Provo • It’s been a transition year for Kenzie Koerber.
The graduate opposite hitter for the BYU women’s volleyball team transferred there over the summer after playing for years at the University of Utah. She was one the leaders on a Utes team that advanced to the Sweet 16 twice during her tenure.
But she left Salt Lake City and went south to Provo because she converted to The Church of Jesus Christ of Latter-day Saints and wanted to be in an environment with more like-minded people. Upon her arrival, she was expected to essentially be the leader of the 2021 Cougars, who start their NCAA Tournament run Saturday against Boise State in the Smith Fieldhouse.
In her short time as a Cougar, she’s already help lift a team that played in the Sweet 16 in April.
“She is very competitive and has a strong arm, and she knows the game of volleyball,” junior middle blocker Heather Gneiting said of Koerber. “She’s played at a high level for a long time. So just having that in our gym each day to play against is really important for us getting better and it helps all the girls get better.”
Koerber said playing at BYU has allowed her to have her best season as a volleyball player both statistically and personally. Her hitting percentage and kills per set numbers have gone up, and she’s been tickled by moments where fans will stop her in the grocery store and excitedly ask, “Are you No. 4?”
“It’s kind of cool that down here, it’s a little bit more of a tight-knit community where everybody knows volleyball, everyone knows BYU sports,” Koerber said.
Cougars coach Heather Olmstead described Koerber as a competitor and a “great human being.” Gneiting said she is an authentic person and has done a good job connecting with every one of her teammates throughout the season.
And when it comes to being on the court, Olmstead described just how much value Koerber has brought to BYU.

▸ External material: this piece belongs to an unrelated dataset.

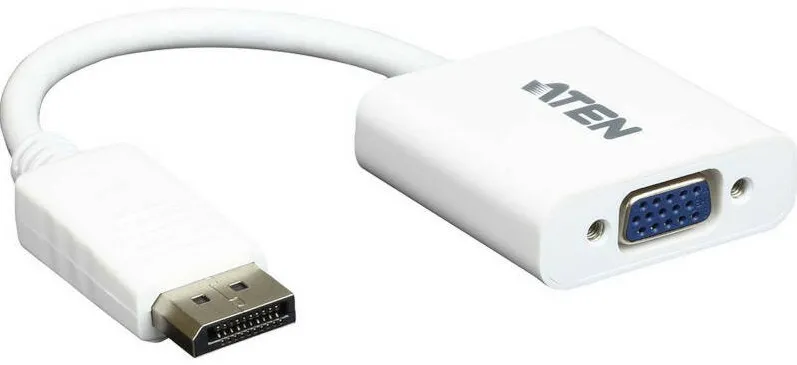 Adaptor ATEN VC925 1x DisplayPort Male - 1x VGA Female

“I think being able to count on Kenzie to get a pass when we need it and leaning on her for a kill in a crucial moment, I think gives other people confidence,” Olmstead said. “We can still go to other people in moments of need, but we know she wants the ball and she loves those moments where the game is on the line.”
It appears clear that although it will end up being a short one, Koerber’s transition year has been successful.
“It’s been awesome and I wouldn’t trade it for the world, and I’m very happy that I made the decision to come down here,” she said.